Technological advances such as cloud-based videoconferencing, though, make it increasingly easier for hospitalists to confer with neurologists, look at a patient's CT scan and quickly answer the "treat, transfer or admit" question. Sure, there are concerns, among them privacy, security, data interoperability and the need for 24/7 tech support - it's OK if your video chat software drops a call with your son at 2 a.m., but not as you await a decision to administer tPA.
But that capability to deliver a tPA decision in the middle of the night is the "Trojan Horse that gets us in" and proves telestroke's worth, Hess says. What's more, adds Yulun Wang, chairman and CEO of telemedicine vendor InTouch Health, hospitals that have laid the infrastructure required to support telestroke technology can then expand the model and apply telemedicine to psychiatric care, pediatrics and other specialties facing pressure to treat more patients with fewer doctors.
3. Healthcare at Home: The Patient-Centered Medical Home
While the so-called patient-centered medical home is largely absent from the Affordable Care Act, the principles of healthcare reform and the accountable care model nonetheless present an opportunity to demonstrate the value of telemedicine and mobile health. The key task is reducing hospital readmissions - which is part of healthcare reform, so much so that hospitals with "excess" readmissions within 30 days face reduced reimbursements.

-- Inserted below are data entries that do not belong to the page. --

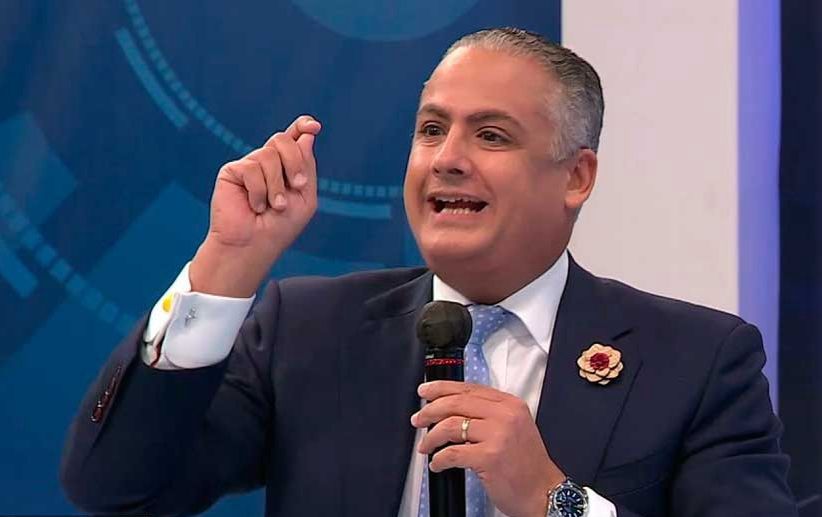 abogado-constitucionalista-califica-de-“valiente”-fallo-del-tc-favorece-candidaturas-independientes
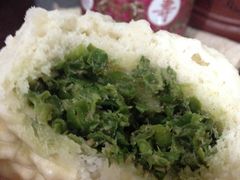 -龙丰楼包子(南方大厦店)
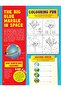 JUNIOR GENIUS OUR AMAZING PLANET - 2
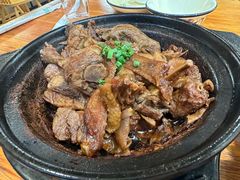 -大厨的餐厅(曾厝垵总店)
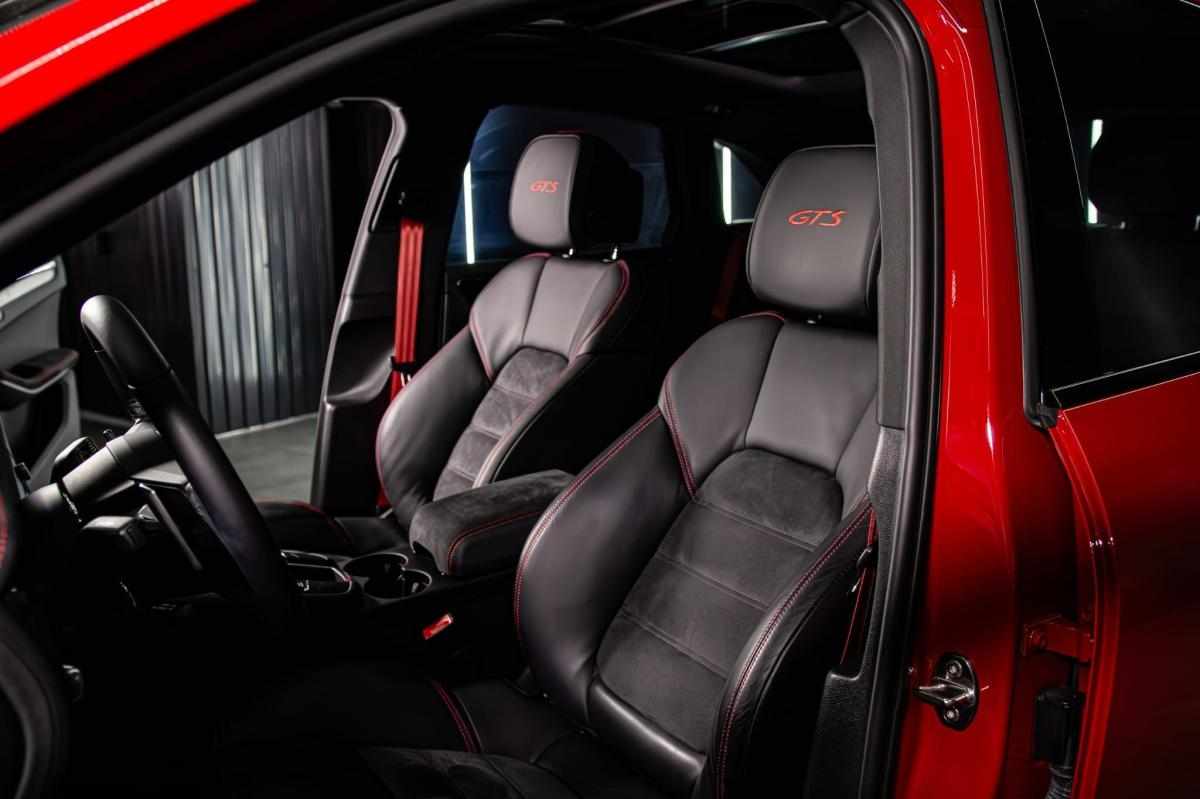 porsche-macan-2021-gasolina-3000cc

Simply put, care can't stop just because a patient has been discharged, says Dana Sheer, director of clinical programs for Partners HealthCare at Home. Providers must better monitor, and communicate, a wide range of activities, from medication adherence to falls. Cynthia Campbell, associate director of operational consulting with Fazzi Associates, says she sees telehealth - perhaps in the form of a geographic-agnostic nurse practitioner communicating over a HIPAA-compliant, Skype-like application - as a solution to this problem.
Providers also need to develop "care pathways," Sheer says. It takes years for someone with a chronic disease to actually get chronically ill. Many such patients have multiple co-morbidities to boot. Educating a patient about diet and lifestyle changes can treat the disease or reduce the likelihood of complications. This takes time, though; as Sheer puts it, patients rarely have a "sudden epiphany" when returning home from the hospital. Plus, the same interoperability challenges that stymy analytics and telemedicine initiatives make it difficult for healthcare organization and their partners, let alone their affiliates, to exchange patient data.